((

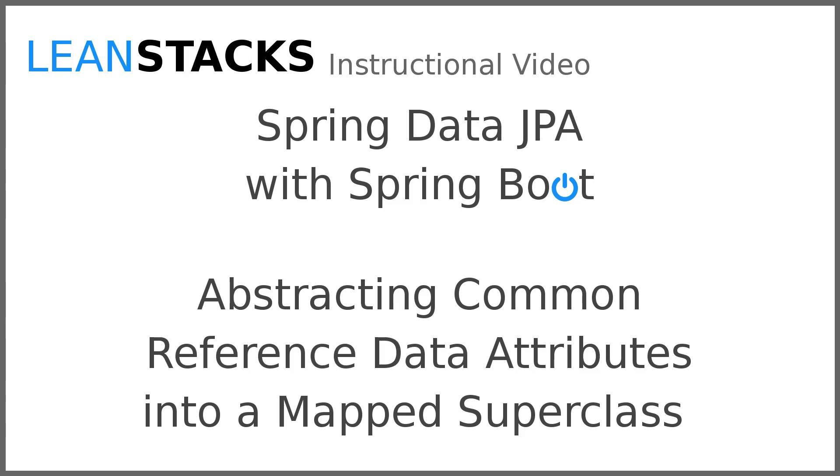Welcome to a LeanStax instructional video. This video is part of the Spring Data Fundamentals series. In this video we build upon the Greeting Web Services project constructed in the Spring Boot Fundamentals series.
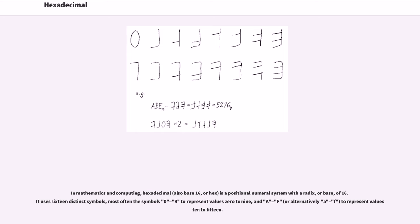Hexadecimal. In mathematics and computing, hexadecimal, also base 16 or hex, is a positional numeral system with a radix, or base, of 16.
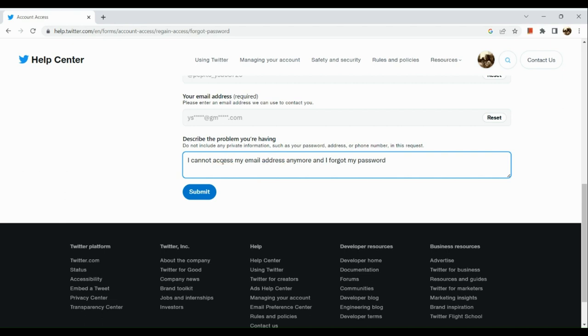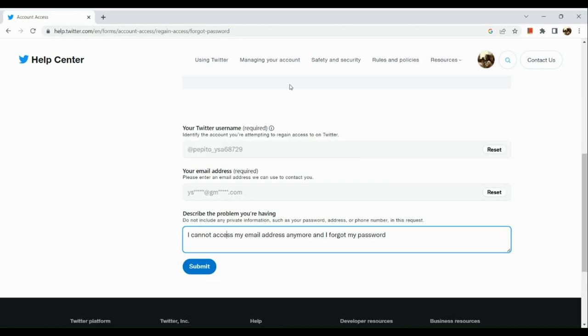Now after which, all you need to do is to submit your appeal to Twitter. Basically, once you've reset the email address in here, you will be able to receive a response from them and they would be able to help you regain your access to your Twitter account. So that's about it for today's video guys. Hope you enjoyed, thank you so much for watching.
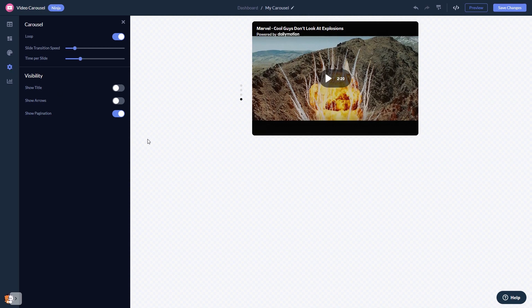When you're done, click the save changes button to save your work. If you don't have an account on Common Ninja yet, you'll have to register first.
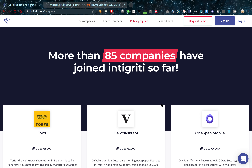Public bug bounty programs — we all know them, we all love them, but we want more. Let's get right into how to get private invites. You probably already know what a private invite is, but just in case you don't, I'll explain it anyway. Bug bounty platforms like Intigriti, HackerOne, and Bugcrowd — those are a few major ones — have what we know as public programs, which are accessible to anybody.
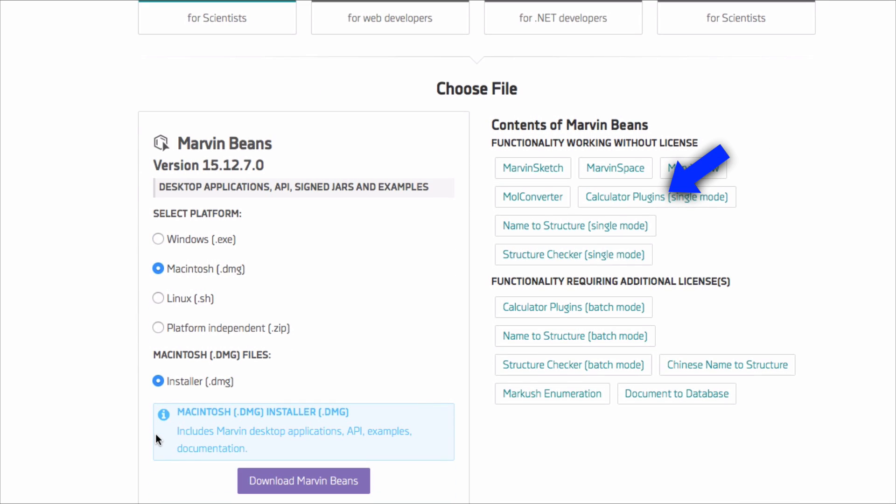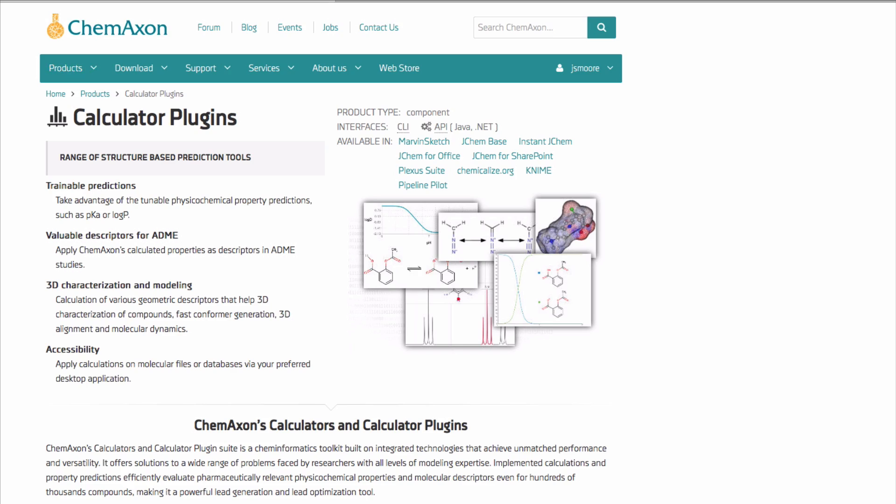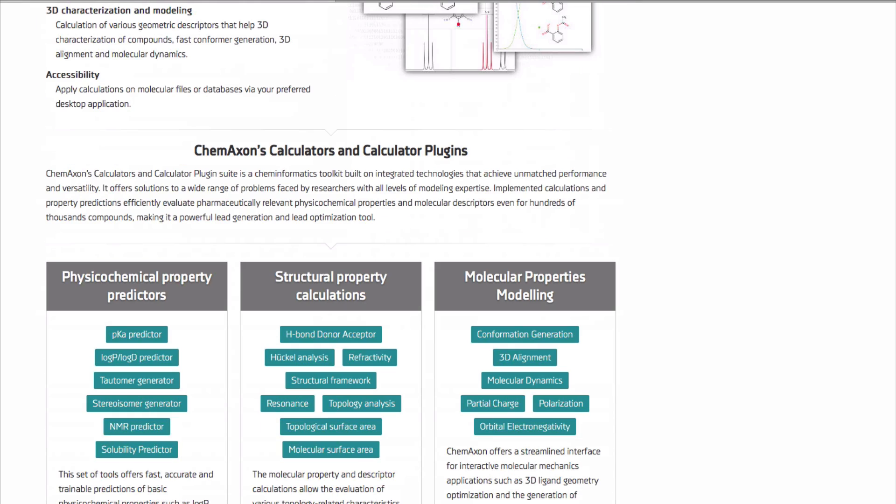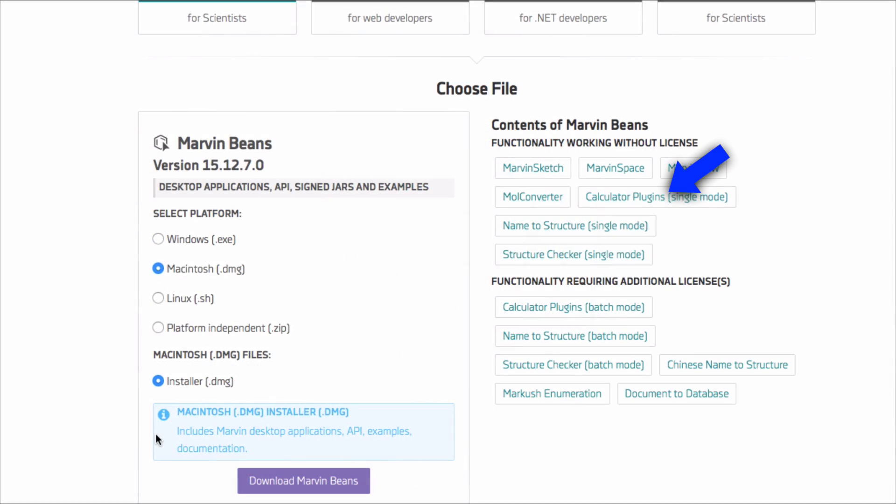By the way, Marvin's calculator plugins are great learning tools. Later in this video I will demonstrate how to obtain an academic license to access their full power.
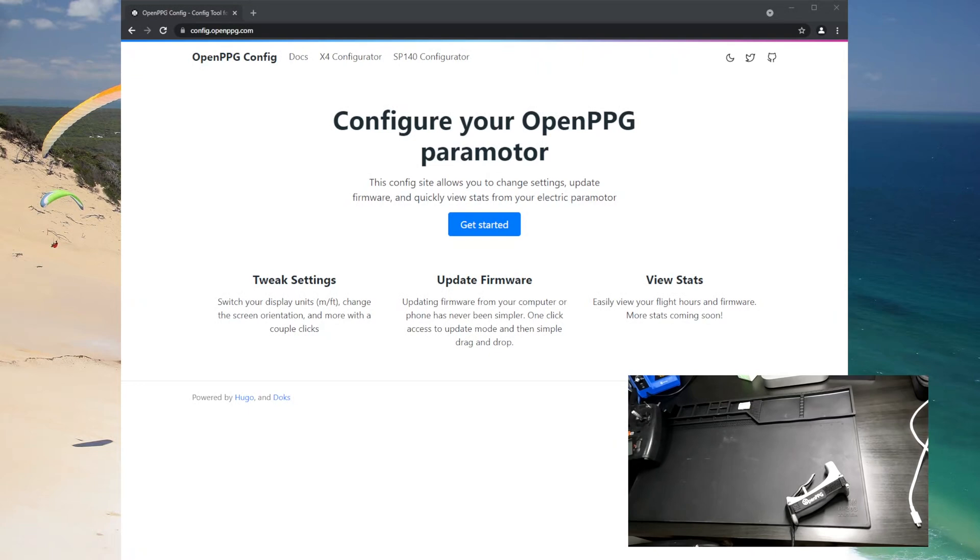Hey this is Zach with OpenPPG and today we're going to show you how to update the SP140 controller using the configurator tool.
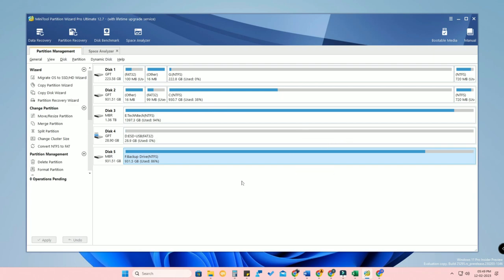That's it for this video. You can easily create partitions for your hard disk on Windows 11 using MiniTool Partition Wizard in a fast and easy way. If you liked this video, hit the like button, and if you're new to this channel, please subscribe. Thanks for watching!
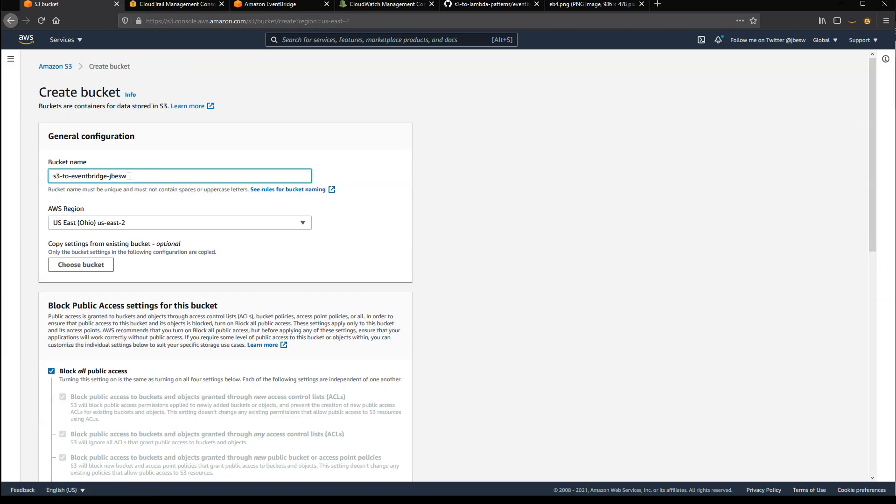I'm going to give this a name, S3 to EventBridge, and then just my handle. I need to make sure this is in the region where the trail is created and where I want to use the EventBridge rule. So I'm using Ohio U.S. East 2.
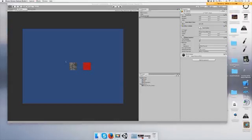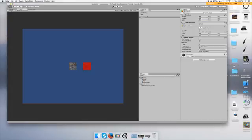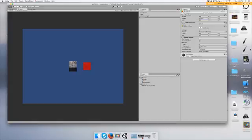So we have two game objects in the game. Click one and then go to your rotation on the x-value on the transform, and you'll see that it rotates. Pretty cool.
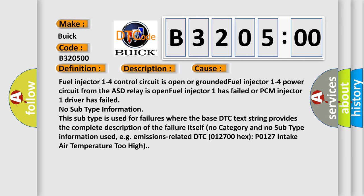Fuel injector 1 to 4 control circuit is open or grounded. Fuel injector 1 to 4 power circuit from the ASD relay is open. Fuel injector 1 has failed or PCM injector 1 driver has failed.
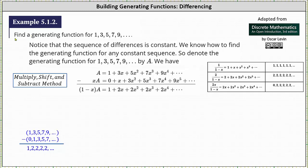This lesson will show how to determine the generating function for the sequence 1, 3, 5, 7, 9, and so on using the method of differencing.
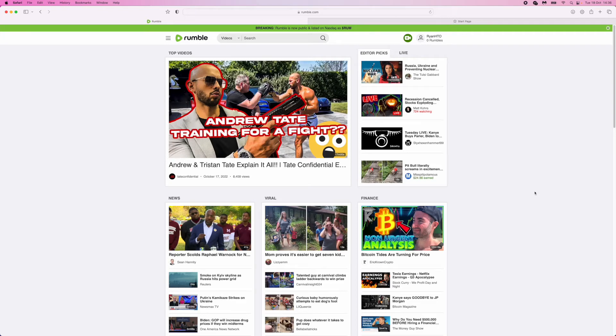Hey guys, welcome back. In today's video I'm going to show you how you can upload videos to rumble.com. So first of all, we need to do is head over to rumble.com.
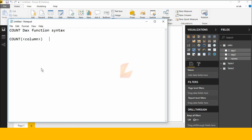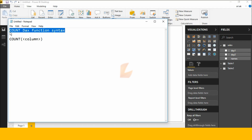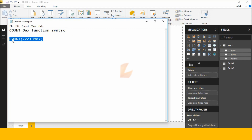Hi friends, good morning, this is Srikant. Today I will explain about the COUNT DAX function in Power BI Desktop. Here is the COUNT DAX function syntax — it counts numbers in a column. Let's check this DAX function in Power BI Desktop.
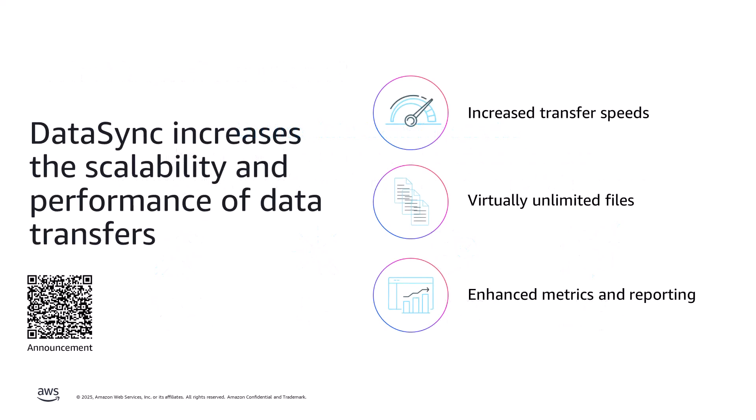DataSync launched a new task type called Enhanced Mode tasks. Enhanced Mode tasks are designed for datasets that consist of a virtually unlimited number of files and provide higher performance than previous DataSync basic mode tasks. Enhanced Mode tasks provide additional metrics and reporting that are especially useful for customers in migration scenarios to help you track and monitor your ongoing progress.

))

Instructions for the task:
When you retype the listing above, keep each line exactly as written and drop the pictures.

Result:
Welcome to a LeanStax instructional video. This video is part of the Spring Data Fundamentals series. In this video we build upon the Greeting Web Services project constructed in the Spring Boot Fundamentals series.
Hexadecimal. In mathematics and computing, hexadecimal, also base 16 or hex, is a positional numeral system with a radix, or base, of 16.
Now after which, all you need to do is to submit your appeal to Twitter. Basically, once you've reset the email address in here, you will be able to receive a response from them and they would be able to help you regain your access to your Twitter account. So that's about it for today's video guys. Hope you enjoyed, thank you so much for watching.
When you're done, click the save changes button to save your work. If you don't have an account on Common Ninja yet, you'll have to register first.
Public bug bounty programs — we all know them, we all love them, but we want more. Let's get right into how to get private invites. You probably already know what a private invite is, but just in case you don't, I'll explain it anyway. Bug bounty platforms like Intigriti, HackerOne, and Bugcrowd — those are a few major ones — have what we know as public programs, which are accessible to anybody.
By the way, Marvin's calculator plugins are great learning tools. Later in this video I will demonstrate how to obtain an academic license to access their full power.
Hey this is Zach with OpenPPG and today we're going to show you how to update the SP140 controller using the configurator tool.
That's it for this video. You can easily create partitions for your hard disk on Windows 11 using MiniTool Partition Wizard in a fast and easy way. If you liked this video, hit the like button, and if you're new to this channel, please subscribe. Thanks for watching!
I'm going to give this a name, S3 to EventBridge, and then just my handle. I need to make sure this is in the region where the trail is created and where I want to use the EventBridge rule. So I'm using Ohio U.S. East 2.
So we have two game objects in the game. Click one and then go to your rotation on the x-value on the transform, and you'll see that it rotates. Pretty cool.
Fuel injector 1 to 4 control circuit is open or grounded. Fuel injector 1 to 4 power circuit from the ASD relay is open. Fuel injector 1 has failed or PCM injector 1 driver has failed.
This lesson will show how to determine the generating function for the sequence 1, 3, 5, 7, 9, and so on using the method of differencing.
Hey guys, welcome back. In today's video I'm going to show you how you can upload videos to rumble.com. So first of all, we need to do is head over to rumble.com.
Hi friends, good morning, this is Srikant. Today I will explain about the COUNT DAX function in Power BI Desktop. Here is the COUNT DAX function syntax — it counts numbers in a column. Let's check this DAX function in Power BI Desktop.
DataSync launched a new task type called Enhanced Mode tasks. Enhanced Mode tasks are designed for datasets that consist of a virtually unlimited number of files and provide higher performance than previous DataSync basic mode tasks. Enhanced Mode tasks provide additional metrics and reporting that are especially useful for customers in migration scenarios to help you track and monitor your ongoing progress.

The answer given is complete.